Find a Security Clearance Job!

Military


Agent Defeat Weapon
Agent Defeat Warhead (ADW)

Proliferation of hazardous biological and chemical warfare agents has resulted in the need to develop countervailing compositions, methods and devices for destroying, or at least rendering ineffective, such agents. One important consideration in developing such compositions, methods and devices is that the chemical and biological agents must be destroyed in such a way so as to preclude or minimize the dispersing of the chemical or biological agents into the environment to thus avoid collateral damage.

Achieving such specialized target effects requires energetics experts, informing systems engineering. They must analyze the target and develop energetic materials for intended effects. For example, naval energetics experts determined that high explosives cannot destroy stored biological agents. High explosives lack the heat to burn off biological agents, and shock pressures can disperse any remaining agents. Thus, they developed an effective agent-defeat munition that produces fiame temperatures above 6,000 degrees F for minutes. The munition was then engineered for air delivery.

Operation Desert Storm highlighted the need for pre-emptive strike capability to disable chemical and biological (CB) agent munition production facilities and stockpiles. Without this, the United States must resort to conventional warheads as the only means of crippling the enemy CB agent capability. The Agent Defeat ACTD was a 30-month effort divided into three phases dedicated to the development, demonstration and assessment of this weapon system. The cooperative effort includes working with the U.S. Air Force Air Armament Center (AAC), the Office of Naval Research (ONR) and the Defense Threat Reduction Agency (DTRA).

Use of explosives to destroy a CB agent production or storage bunker could result in the release of large quantities of lethal agents. Such agent releases can produce significant collateral casualities and destroy the local environment. In line with national security directives (promoting non-lethal, disabling weapon technology development over current lethal nuclear and conventional weapon systems), new technologies must be investigated which can disable CB agent munition production facilities and stockpiles while minimizing collateral casualtites.

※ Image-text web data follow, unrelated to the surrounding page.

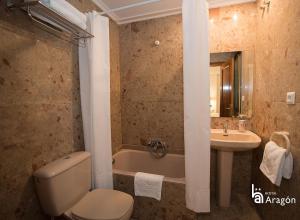 a bathroom with a toilet and a sink and a tub at Hostal Aragón in Teruel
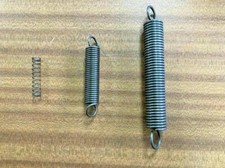 VARIOUS SIZES OF STEEL COMPRESSION AND EXTENSION SPRINGS 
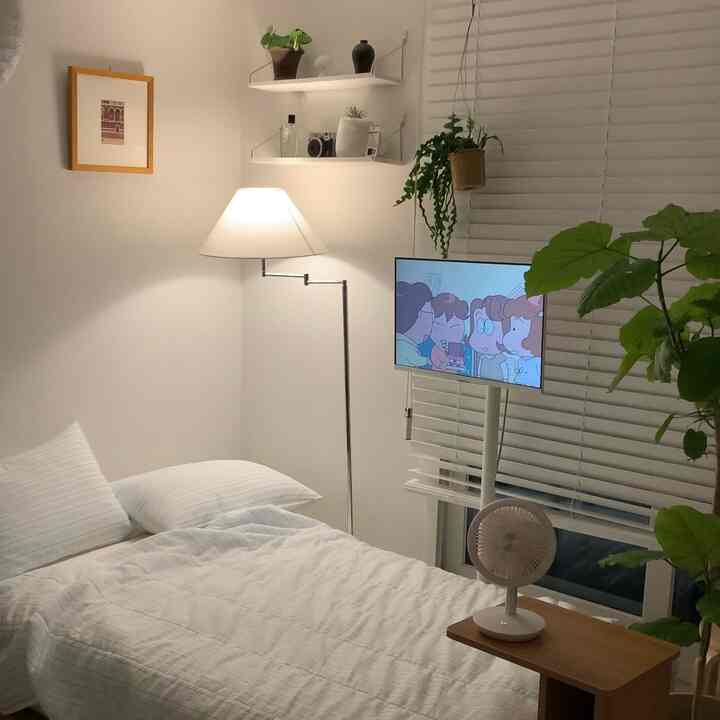 ホワイト調と木目調の調和したワンルーム寝室、整ったベッドとフロアランプ、移動式テレビスタンドが落ち着いた雰囲気を演出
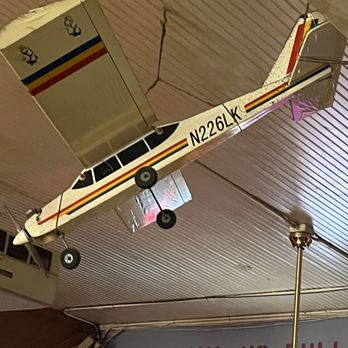 Airport Hanger Bar - a model of an airplane suspended from the ceiling - Bars Near Me - Sanford, Florida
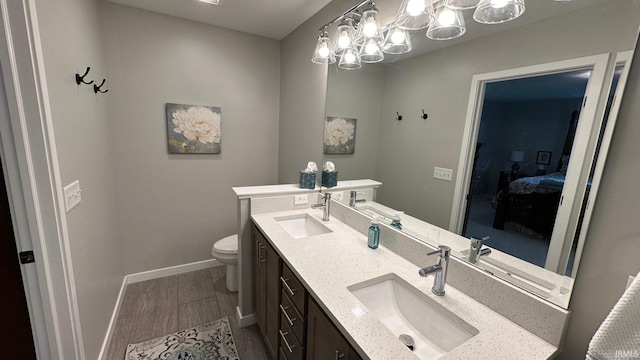 bathroom with vanity, toilet, and wood-type flooring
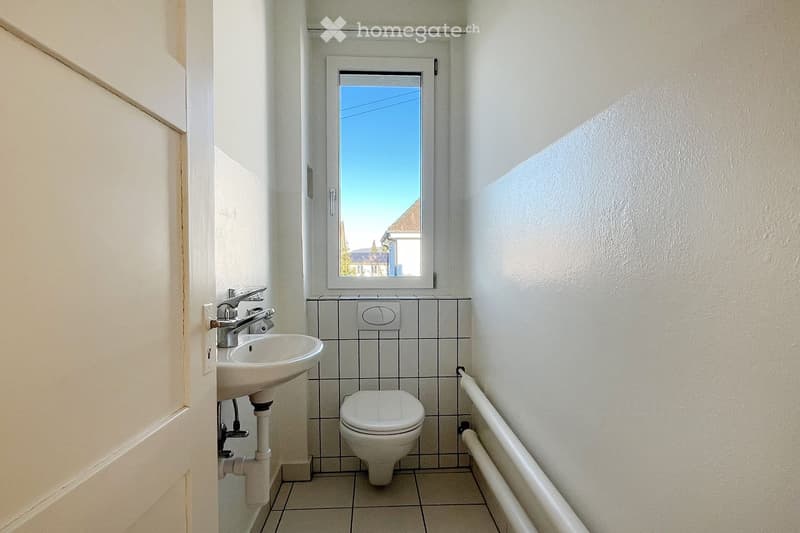Small bathroom with a white tiled wall, a sink with a chrome faucet, and a toilet. A window with a view of the outside is above the toilet.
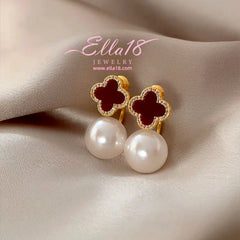 Close-up detail of the sparkling zircons and plating on the clover earrings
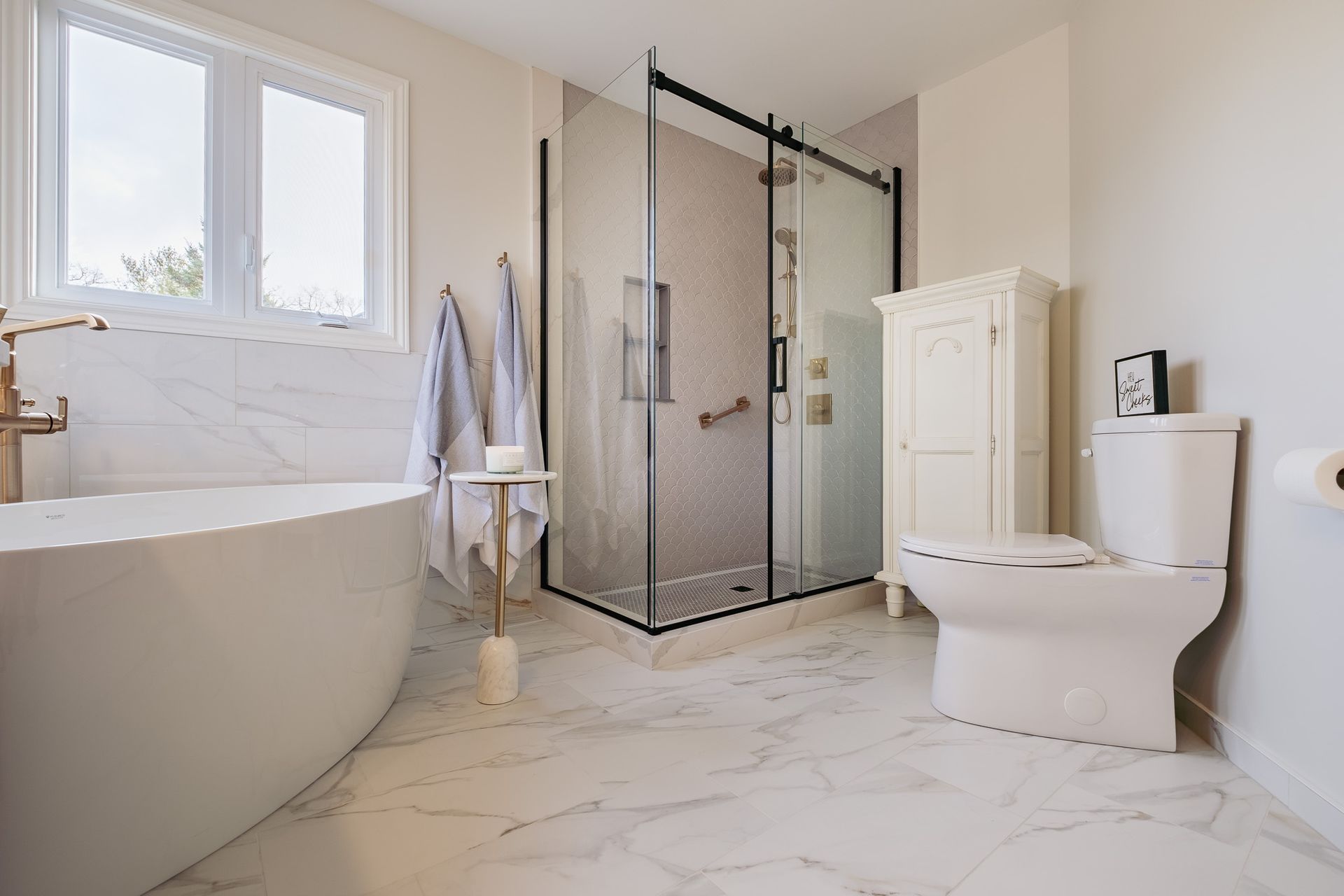 A bathroom with a bathtub, toilet, and shower.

Weapon systems have been designed to effectively destroy myriad types of targets. Most of these systems have been designed with two criteria in mind. First, the weapon system must be able to reach the target. Second, the weapon system must then be able to destroy the target. However, in dealing with targets that contain chemical or biological agents, such as chemical and biological manufacturing and storage facilities, a third criteria must also be addressed. These chemical and biological agents must be destroyed in such a manner as to preclude or minimize the release of the chemical and biological agents outside the facility in order to minimize dispersal of these agents to avoid severe collateral damage.

While many current chemical and biological manufacturing and storage facilities are located above ground, these types of facilities may also be located in buried, fortified locations that are more difficult to reach or may not be reachable by conventional weapons systems due to their deeply buried hardened construction. Many weapon system concepts have been developed to address providing a means to enable a destructive payload to be delivered to these hardened deeply buried targets and other difficult to reach such targets.

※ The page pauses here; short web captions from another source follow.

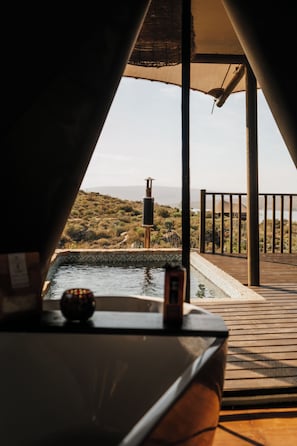 A pool area with a view of a hilly landscape, a wooden deck, and a metal railing.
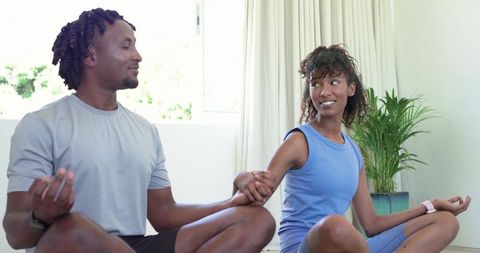 Couple practicing partner meditation and yoga in sunlit minimalist home holding hands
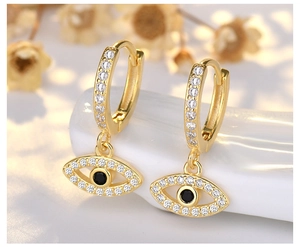 Macro detail of gold evil eye earring charm with sparkling zircon stones and black gem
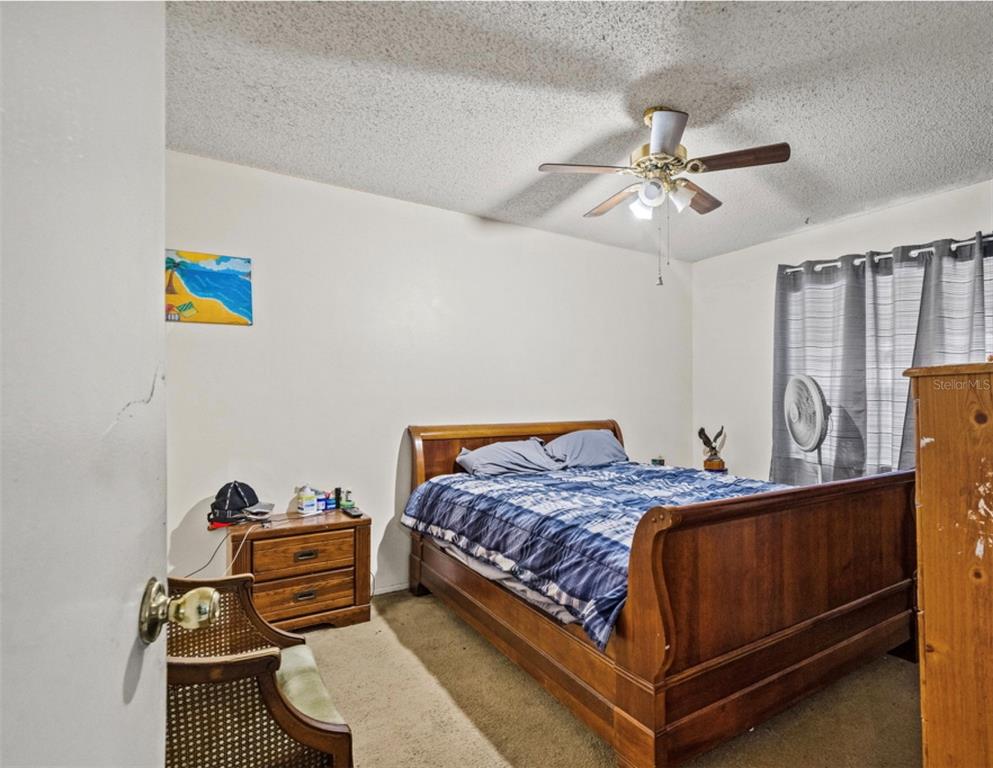 12989 Linden Drive Spring Hill, FL 34609 - Photo 17 of 28 a bedroom with a bed and wooden floor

The specific objective of the Agent Defeat program was to develop air-deliverable warhead technologies that deny an enemy the use of C/B weapons with minimal collateral damage (i.e., limit the mass of viable chemical or biological agent vented to the environment as a result of an attack on a chemical or biological agent product or storage facility). Denial of a facility may be more robust than defeat of the target contents (damaging target contents). It also provides an opportunity to meet the stringent collateral damage criteria. Under this effort, technologies will be identified and limited experimentation conducted to support development and demonstration in future munitions programs. Technologies identified during this effort will support agent defeat efforts, and hard target and small smart bomb visions. Technologies developed under this effort will support commercial developments in non-lethal, facility denial products and law enforcement.